Despite the marginal drop, the bank’s management remains confident about its financial strength and growth prospects. Chief Executive Officer Pavlos Mylonas announced that the bank plans to increase dividend payouts to more than 60 percent of annual profits in 2025, subject to regulatory approval. He also revealed that NBG intends to distribute an interim cash dividend equal to one-third of its annual profits in the fourth quarter of next year.
The bank’s performance in the first half was supported by strong lending activity, with loan disbursements totaling €4 billion, including €2.4 billion in the second quarter alone. The increase in corporate lending, coupled with a sharp rise in fee income, helped absorb the negative impact of declining interest rates. Fee income grew by 14 percent year-on-year in the first half of 2025, driven by both retail and corporate banking. Investment product commissions surged by 66 percent, card fees increased by 11 percent, and corporate finance-related fees rose by 37 percent.
Mylonas highlighted that NBG’s strong capital base is a key competitive advantage. The bank’s Common Equity Tier 1 (CET1) ratio reached 18.9 percent, providing what he described as “unique strategic flexibility” to pursue both organic and inorganic growth opportunities while delivering returns to shareholders.
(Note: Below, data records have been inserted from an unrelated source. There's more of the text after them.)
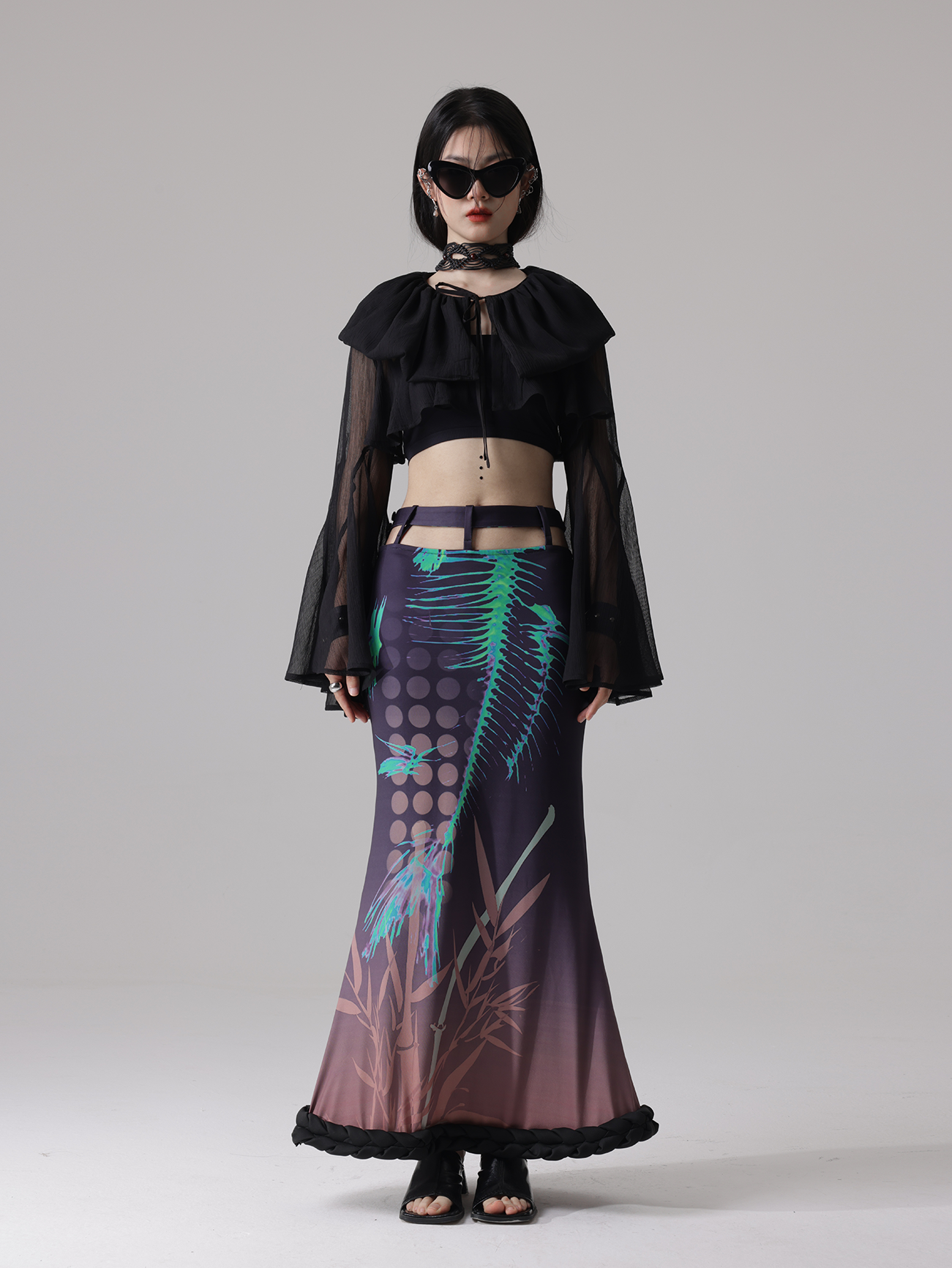 Fishbone Print Stitching Braid Profile Hem Top & Fishtail Skirt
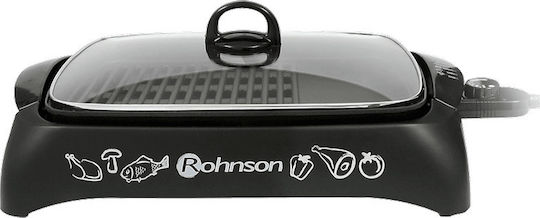Rohnson Tabletop Electric Grill Grill and Smooth Plate 2200W with Lid and Adjustable Thermostat 40cmx30cmcm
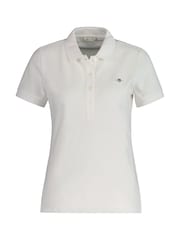 GANT White Shield Cap Sleeve Piqué 100% Cotton Polo Shirt - Image 1 of 5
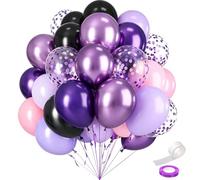 Lot de 60 ballons violets roses noirs - Ballons d'anniversaire rose violet - Ballons avec confettis - Ballons métalliques violet pastel - Pour femme - Décoration de fête d'anniversaire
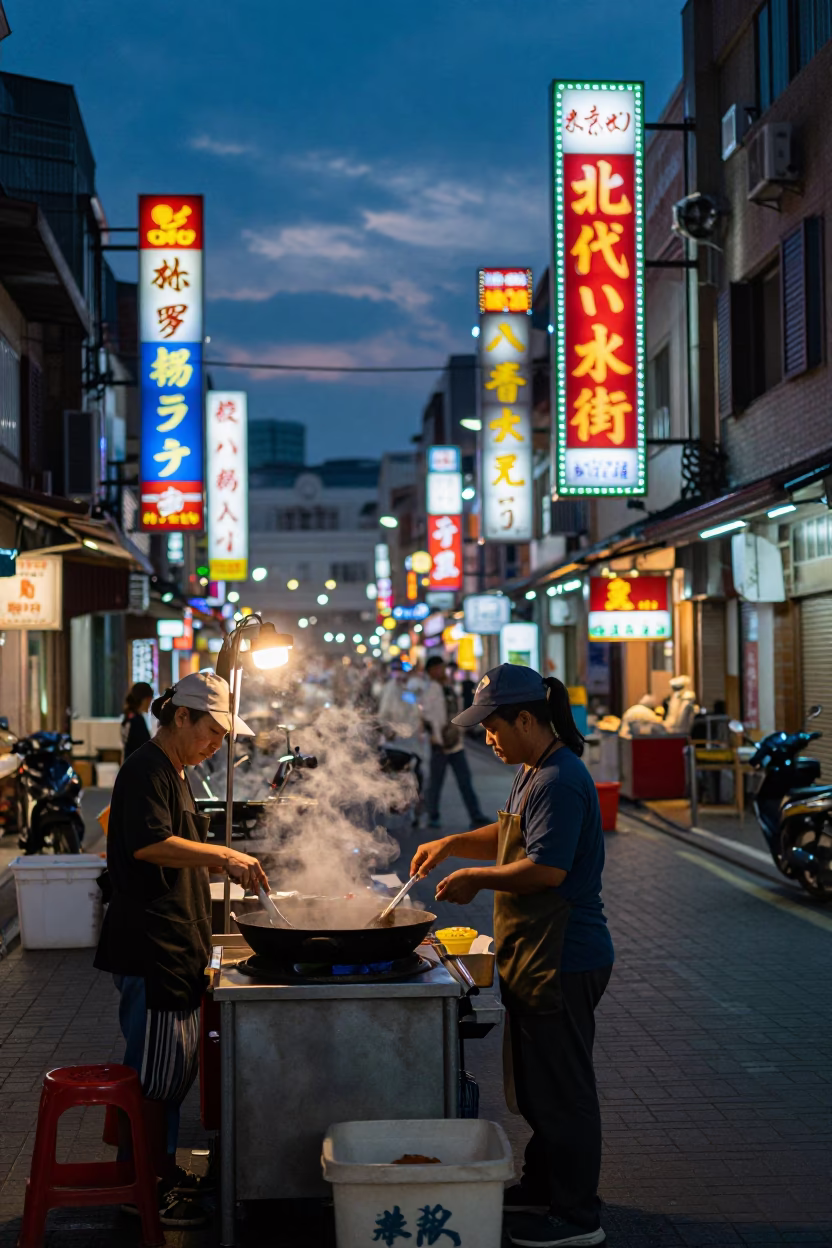 Tainan Night Street Scene with Neon Lights and Local Food Vendor in in Tainan, Taiwan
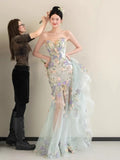 Daiiibabyyy  Floral Mermiad Long Wedding Dresses Women Elegant Strapless Sleeveless Formal Birthday Evening Party Dress Customized Prom Gowns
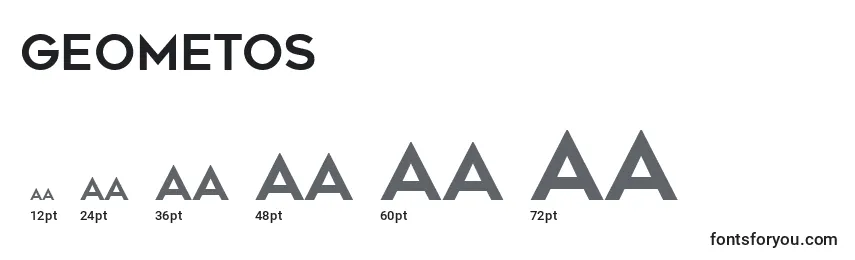 Размеры шрифта Geometos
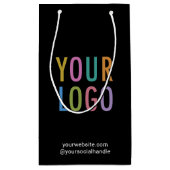 スモールブラック抱き枕カスタムビジネスロゴ スモールペーパーバッグ (裏面)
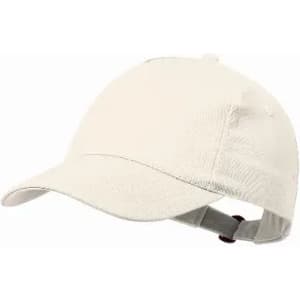 A cap in a light cream colour with an adjustable strap at the back. It features a brand logo.
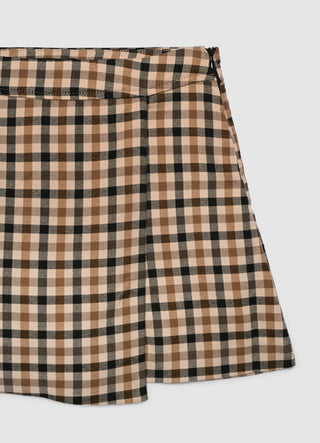 Gonna-pantalone a quadri con pannello
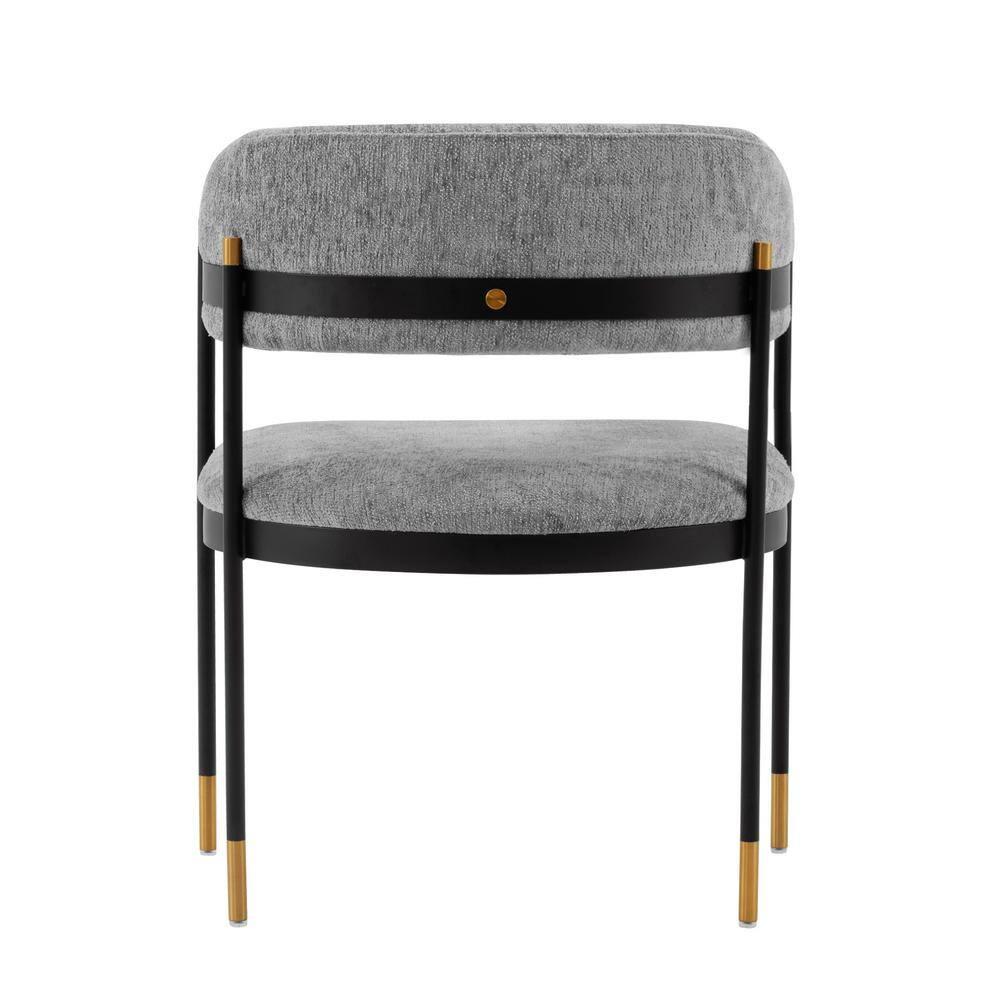 Set of 2 Lia Modern Boucle Dining Armchairs with Brushed Gold Accents - Manhattan Comfort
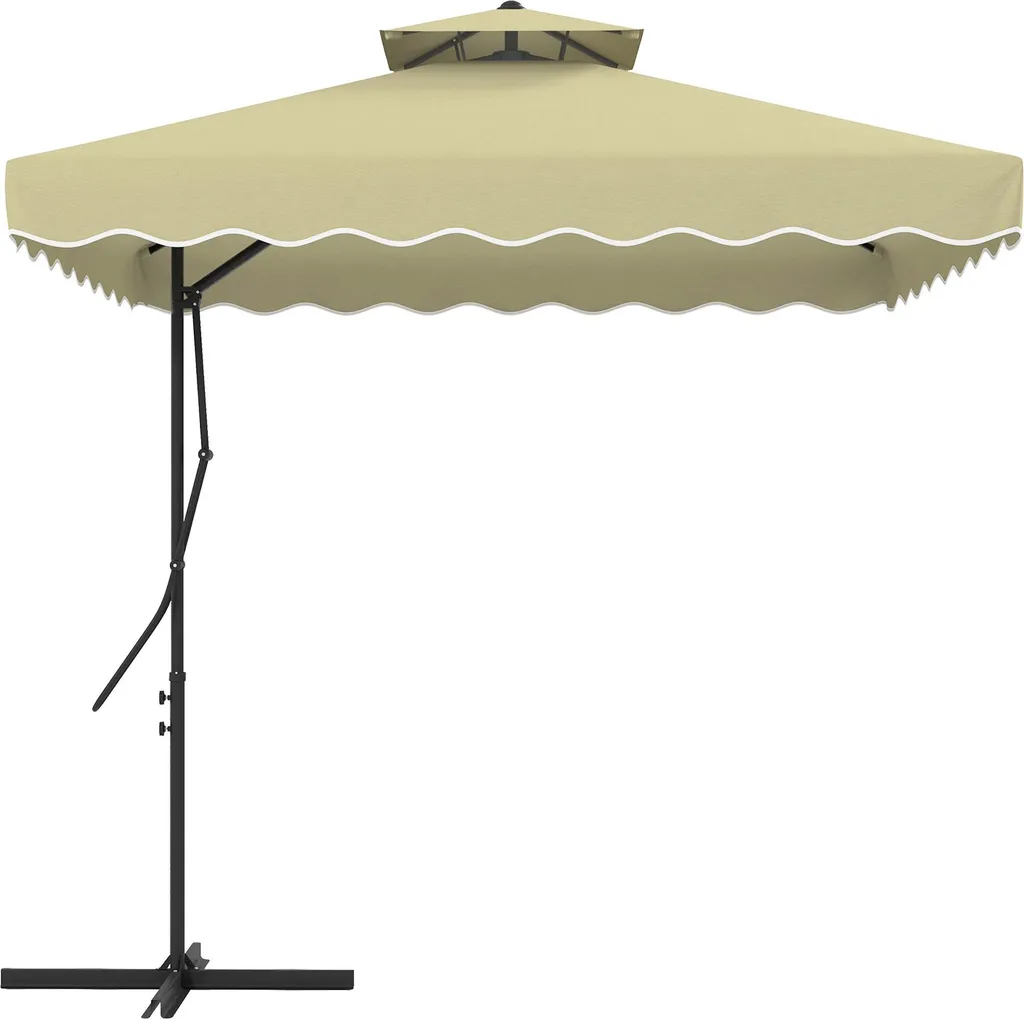 Parasol de terrasse 243x243 cm idéal pour l'ombre sur votre jardin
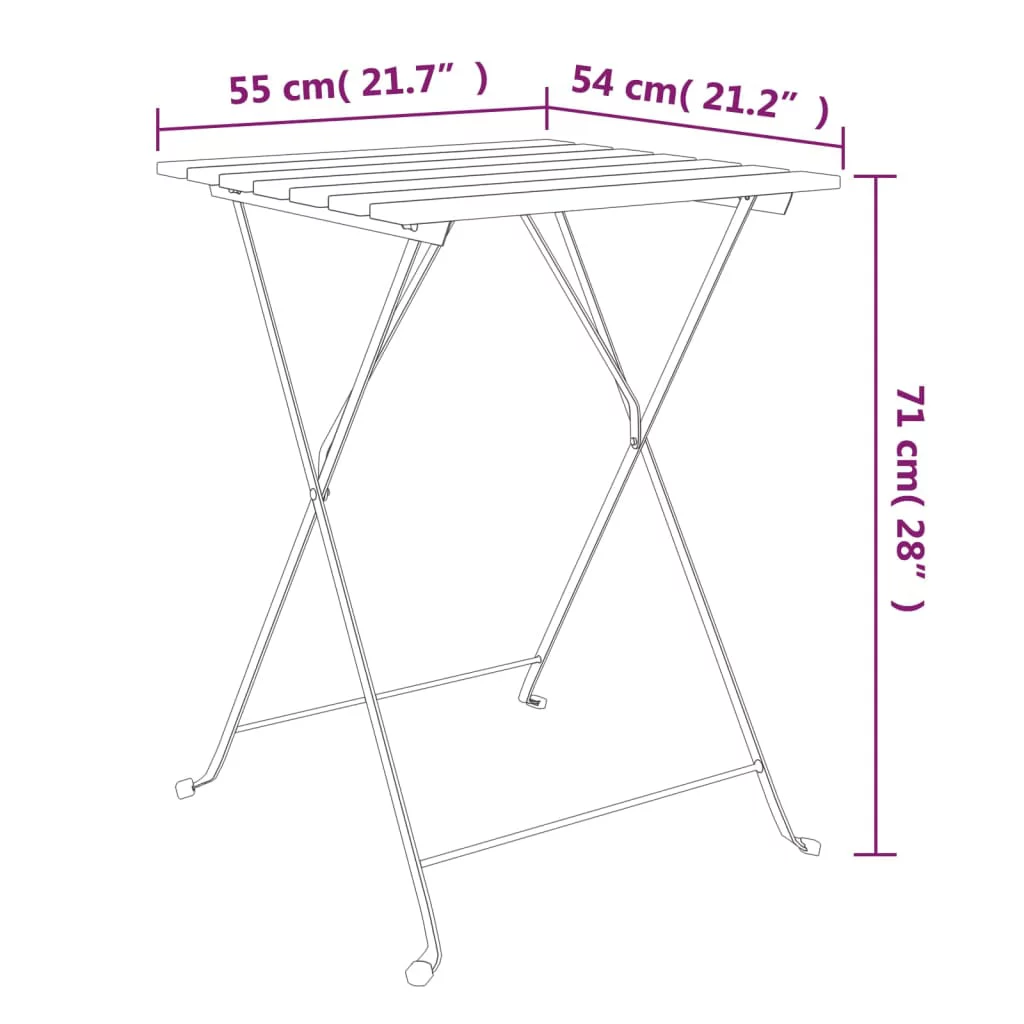 Anself Folding Bistro Table 21.7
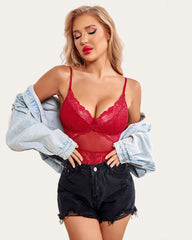 Body Snap Crotch Lace Teddy 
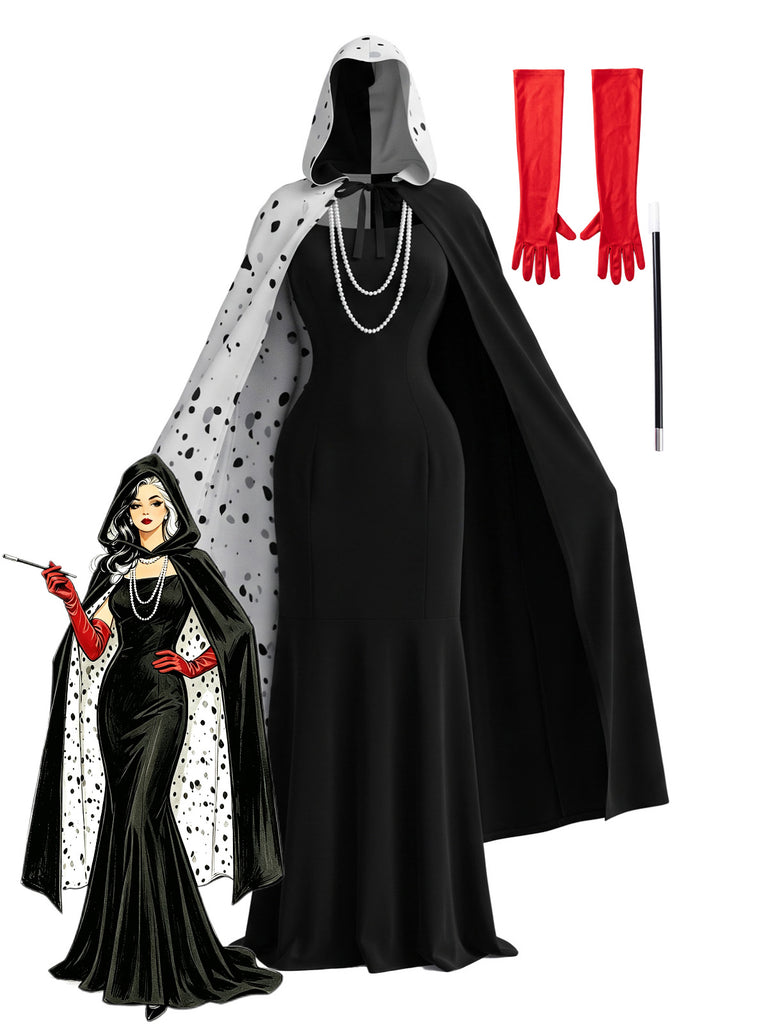 2PCS 1930s Cruella Inspired Polka Dot Cape Dress Set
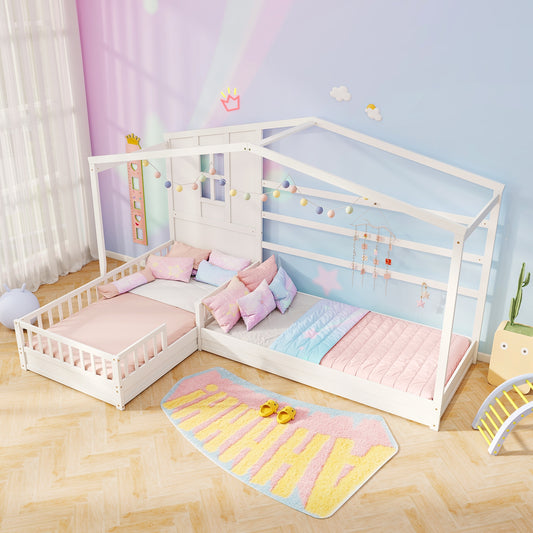 L-Shaped Double Twin Beds, With Fences Corner Bed Frame, White Simple Bed Frame White at Gallery Canada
He noted that the bank’s surplus capital, which exceeds 4 percent above the regulatory minimum, will be strategically deployed through lending expansion, potential acquisitions, and higher dividends.
Organic growth will be fueled by the recovery of previously non-performing loans (reperforming loans) and syndicated lending, while non-organic growth opportunities are under consideration as part of the bank’s ongoing transformation. “We have shown patience over time and will not undertake anything that would dilute shareholder value,” Mylonas emphasized.
The bank’s net interest income fell by 9 percent year-on-year due to the steep drop in interest rates, but this was offset by revenue resilience. Performing loans increased by €1.2 billion in the second quarter, bringing the total increase since the start of the year to €1.5 billion. Additionally, income from hedging customer deposits and the gradual repricing of time deposits provided further support to earnings.